The National President of the Nigerian Association of Chambers of Commerce, Industry, Mines, and Agriculture (NACCIMA), Hon. Dele Kelvin Oye, has strongly criticized Nigeria’s high interest rates, arguing that they are stifling entrepreneurship and hindering the country’s economic growth.
Speaking at the All Nigerian Editors’ Conference 2024 in Yenagoa, Bayelsa State, Oye highlighted the disconnect between the Central Bank’s policies and the needs of Nigerian businesses. He stated that the current high interest rates, which peak at 35-40%, are detrimental to businesses and entrepreneurship, noting that the Nigerian government’s economic policies seem more aligned with political interests than with fostering productive enterprises.
“High interest rates—ranging between 35 and 40 percent—are a clear sign of a central banking system out of touch with the realities of the Nigerian economy,” Oye said. “This, coupled with a 21.25% government bond yield in August 2024, has made local banks prefer investing in bonds over lending to businesses. This trend is discouraging entrepreneurship and stalling economic growth.”
Oye also pointed out the widening gap between banking profits and support for industrial growth, citing Zenith Bank’s reported one trillion-naira profit in Q3 2024, despite the lack of significant lending to businesses.
The NACCIMA president further criticized the management of Nigeria’s foreign exchange market, citing the naira’s depreciation from N460.70 in May 2023 to N1,735 per dollar by November 2024. He argued that the government’s laissez-faire approach to exchange rate management had left businesses vulnerable to volatility, worsening economic instability and contributing to widespread hunger and poverty.
“The lack of stable, transparent exchange rate policies has been a major factor in the economic distress faced by Nigerians,” Oye added. “It has caused serious instability, which harms businesses trying to plan and operate in such an uncertain environment.”
Oye also raised concerns about the lack of clear fiscal policies, which he said is stifling business planning as companies approach the end of the 2024 financial year. He lamented the lack of clarity on tax policies, urging that businesses cannot thrive in an environment of uncertainty.
“We are operating in a fog of policy inconsistency, which is pushing many businesses to relocate to more stable countries,” Oye said. “This is preventing growth, innovation, and long-term investments.”
On the broader economic structure, Oye criticized the escalating cost of governance, particularly the judicial, legislative, and executive branches, which he believes are becoming increasingly unsustainable for the economy. He argued that the current framework disproportionately benefits the political elite over the working class, making it harder for productive industries to thrive.
“Much of the wealth in developing nations like ours seems to be derived from holding political office rather than from productive enterprises,” Oye said. He proposed that legislators should serve on a part-time basis and be funded by their constituents or state governments, in order to reduce the burden of maintaining a costly political elite.
Oye also raised concerns about the country’s tax system, arguing that it favors the political class rather than the productive sectors of the economy.
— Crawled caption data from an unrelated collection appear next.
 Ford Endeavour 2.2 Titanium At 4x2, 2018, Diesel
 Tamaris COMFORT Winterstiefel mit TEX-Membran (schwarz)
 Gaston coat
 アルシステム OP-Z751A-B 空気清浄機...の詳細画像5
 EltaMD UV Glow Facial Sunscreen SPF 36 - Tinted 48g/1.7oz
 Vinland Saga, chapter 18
He stressed that tax revenues should be reinvested in infrastructure and community development, rather than inflating government spending through the Federal Accounts Allocation Committee (FAAC) disbursements, which often fail to deliver tangible results for citizens.
In his remarks, Oye warned against over-taxation, saying that no state should tax its citizens beyond their capacity and still expect economic growth. He also cautioned the Tinubu administration against engaging in a blame game with the World Bank over the impacts of its policies. Instead, he urged the government to take full responsibility for its actions.
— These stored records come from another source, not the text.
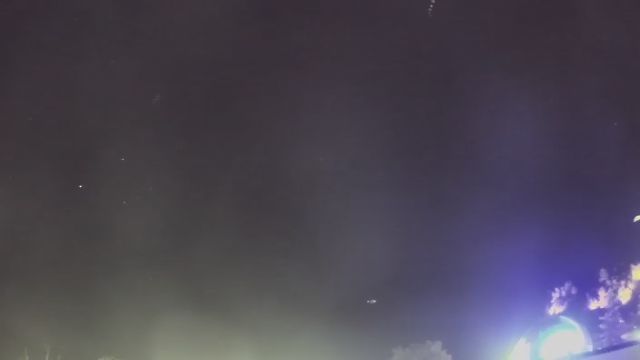 AMS241 meteor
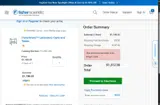 3FOR2CHEM coupon verification screenshot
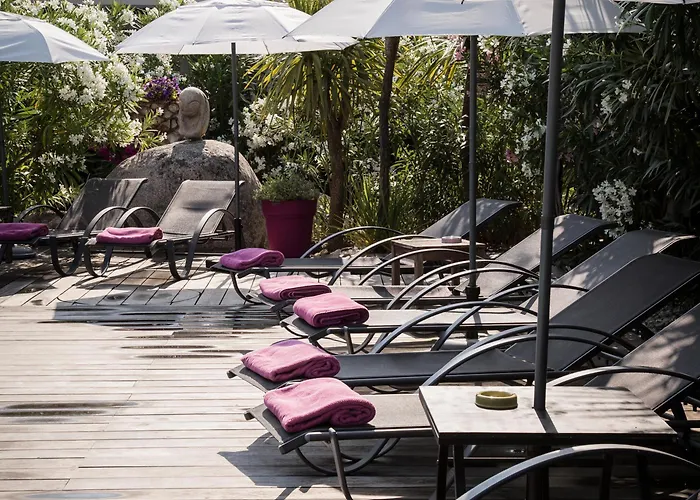 Golfe & Porto-vecchio 3* Porto-Vecchio (Corsica)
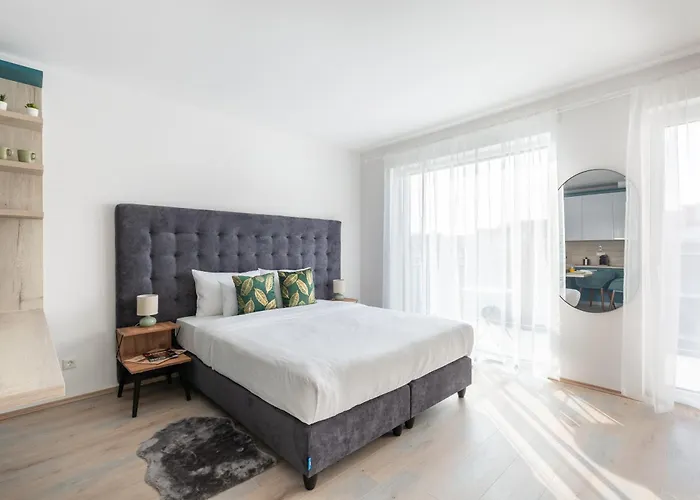 Appart hôtel Hock By Vagabond 4*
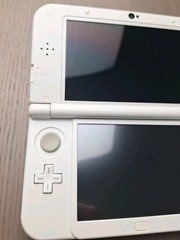 New Nintendo 3DS XL Pearl White | Charger + 32GB SD Card | REGION FREE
“While understanding the historical context is important, the government must focus on its present and future policies, taking full ownership of the decisions it makes,” Oye said.
Oye concluded by urging media professionals to take a more active role in holding both government and corporate entities accountable. He emphasized the importance of transparency in restoring public trust and fostering long-term, transformative growth for Nigeria.
“The media must step up as the fourth estate, ensuring accountability and protecting the public from poor policies, corruption, and abuse of power,” he said. “The future of Nigeria is in our hands. Together, we can create a narrative of growth, transparency, and sustainable development.”